Renouard died unmarried at Swanscombe rectory on 15 February 1867 and was buried in Swanscombe churchyard on 21 February.

==Works==
Renouard was an admirable classical scholar, was acquainted with French, German and Italian language, and gained during his time in the Near East an intimate knowledge of the Arabic, Turkish and Hebrew languages.

Although his publications were few, he obtained a wide reputation as a linguist, geographer and botanist. During the forty-nine years that he resided at Swanscombe, he maintained a voluminous correspondence with the most distinguished orientalists and geographers of Europe, and was an industrious contributor to the journals of learned societies.

For the British and Foreign Bible Society he corrected the proofs of the translations of the scriptures into Turkish and other eastern languages. He was a leading member of the translation committee of the Royal Asiatic Society, to which he was elected in 1824, revising many of its publications.

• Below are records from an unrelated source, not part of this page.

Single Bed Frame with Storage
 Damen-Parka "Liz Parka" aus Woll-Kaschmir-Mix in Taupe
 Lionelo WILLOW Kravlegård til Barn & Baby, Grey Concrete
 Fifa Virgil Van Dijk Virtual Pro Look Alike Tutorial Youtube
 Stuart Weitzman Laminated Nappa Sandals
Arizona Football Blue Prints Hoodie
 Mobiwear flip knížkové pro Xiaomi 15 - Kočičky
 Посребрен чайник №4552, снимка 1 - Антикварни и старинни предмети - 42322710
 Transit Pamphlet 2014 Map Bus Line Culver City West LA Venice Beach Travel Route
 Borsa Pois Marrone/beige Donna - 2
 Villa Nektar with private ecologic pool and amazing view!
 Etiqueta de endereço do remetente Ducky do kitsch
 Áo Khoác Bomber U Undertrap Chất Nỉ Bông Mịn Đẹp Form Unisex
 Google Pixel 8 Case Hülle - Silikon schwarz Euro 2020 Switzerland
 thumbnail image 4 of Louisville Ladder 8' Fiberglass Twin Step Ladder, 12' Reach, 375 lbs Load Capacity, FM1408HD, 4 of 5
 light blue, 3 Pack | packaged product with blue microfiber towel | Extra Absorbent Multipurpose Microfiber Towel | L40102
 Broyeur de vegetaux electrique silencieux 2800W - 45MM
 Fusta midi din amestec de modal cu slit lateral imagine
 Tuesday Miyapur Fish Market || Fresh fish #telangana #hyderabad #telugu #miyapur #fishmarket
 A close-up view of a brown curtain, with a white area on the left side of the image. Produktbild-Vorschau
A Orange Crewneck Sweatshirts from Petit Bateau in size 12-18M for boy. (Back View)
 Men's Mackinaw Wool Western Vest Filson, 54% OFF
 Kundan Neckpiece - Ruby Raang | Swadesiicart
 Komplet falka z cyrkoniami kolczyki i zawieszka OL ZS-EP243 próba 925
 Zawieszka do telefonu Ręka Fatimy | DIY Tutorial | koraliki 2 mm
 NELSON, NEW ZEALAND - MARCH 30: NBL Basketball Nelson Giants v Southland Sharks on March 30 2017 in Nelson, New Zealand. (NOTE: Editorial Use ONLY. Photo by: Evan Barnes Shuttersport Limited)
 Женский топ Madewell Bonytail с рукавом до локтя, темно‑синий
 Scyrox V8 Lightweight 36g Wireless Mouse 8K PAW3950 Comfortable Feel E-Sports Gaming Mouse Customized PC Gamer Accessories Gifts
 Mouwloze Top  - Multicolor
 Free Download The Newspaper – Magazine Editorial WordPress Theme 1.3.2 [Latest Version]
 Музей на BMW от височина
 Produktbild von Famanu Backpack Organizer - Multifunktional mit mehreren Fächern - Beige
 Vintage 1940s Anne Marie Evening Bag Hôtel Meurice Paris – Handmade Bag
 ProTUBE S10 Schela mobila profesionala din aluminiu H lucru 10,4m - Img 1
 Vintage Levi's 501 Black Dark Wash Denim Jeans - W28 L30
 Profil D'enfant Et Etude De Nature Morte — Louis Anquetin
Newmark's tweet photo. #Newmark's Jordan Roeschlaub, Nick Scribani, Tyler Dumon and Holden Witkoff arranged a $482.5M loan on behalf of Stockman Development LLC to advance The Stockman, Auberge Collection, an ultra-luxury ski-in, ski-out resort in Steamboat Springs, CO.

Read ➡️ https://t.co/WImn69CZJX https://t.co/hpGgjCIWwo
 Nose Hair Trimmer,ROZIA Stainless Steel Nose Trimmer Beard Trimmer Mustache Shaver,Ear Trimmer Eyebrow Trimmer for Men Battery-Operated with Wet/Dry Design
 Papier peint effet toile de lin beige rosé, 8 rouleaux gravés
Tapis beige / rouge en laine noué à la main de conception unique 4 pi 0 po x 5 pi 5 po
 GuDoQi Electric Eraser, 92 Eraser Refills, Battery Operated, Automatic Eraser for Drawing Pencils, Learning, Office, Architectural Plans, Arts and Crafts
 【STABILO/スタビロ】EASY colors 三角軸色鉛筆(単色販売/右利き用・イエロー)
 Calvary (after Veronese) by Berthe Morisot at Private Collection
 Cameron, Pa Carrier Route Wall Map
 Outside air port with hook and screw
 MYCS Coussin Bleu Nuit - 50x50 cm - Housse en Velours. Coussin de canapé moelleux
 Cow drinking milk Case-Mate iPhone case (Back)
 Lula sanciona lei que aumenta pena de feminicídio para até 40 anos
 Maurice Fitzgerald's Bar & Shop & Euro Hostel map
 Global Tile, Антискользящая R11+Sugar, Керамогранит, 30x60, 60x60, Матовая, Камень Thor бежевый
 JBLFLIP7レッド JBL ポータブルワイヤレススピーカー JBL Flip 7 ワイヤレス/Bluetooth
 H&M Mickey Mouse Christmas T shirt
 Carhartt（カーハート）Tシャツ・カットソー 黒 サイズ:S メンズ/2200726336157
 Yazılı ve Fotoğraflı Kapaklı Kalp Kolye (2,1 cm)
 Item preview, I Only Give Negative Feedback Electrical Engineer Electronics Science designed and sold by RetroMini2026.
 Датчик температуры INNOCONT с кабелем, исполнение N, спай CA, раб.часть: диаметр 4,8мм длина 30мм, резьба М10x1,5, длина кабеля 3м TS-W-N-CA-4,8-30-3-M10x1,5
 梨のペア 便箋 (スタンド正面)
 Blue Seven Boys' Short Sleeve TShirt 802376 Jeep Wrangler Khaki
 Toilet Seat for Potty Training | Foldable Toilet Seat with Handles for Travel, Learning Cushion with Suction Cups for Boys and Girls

His paper on the language of the Berbers was communicated to the society in 1836. From 1836 to 1846 he was honorary foreign secretary of the Royal Geographical Society, and actively interested himself in the Syro-Egyptian Society and the Numismatic Society.

In the Encyclopædia Metropolitana, third division, "History and Biography", he contributed to the "History of the Roman Republic", 1852 (chapters vii, viii, and x) and to the "History of Greece, Macedonia, and Syria", 1852 (chapter iii).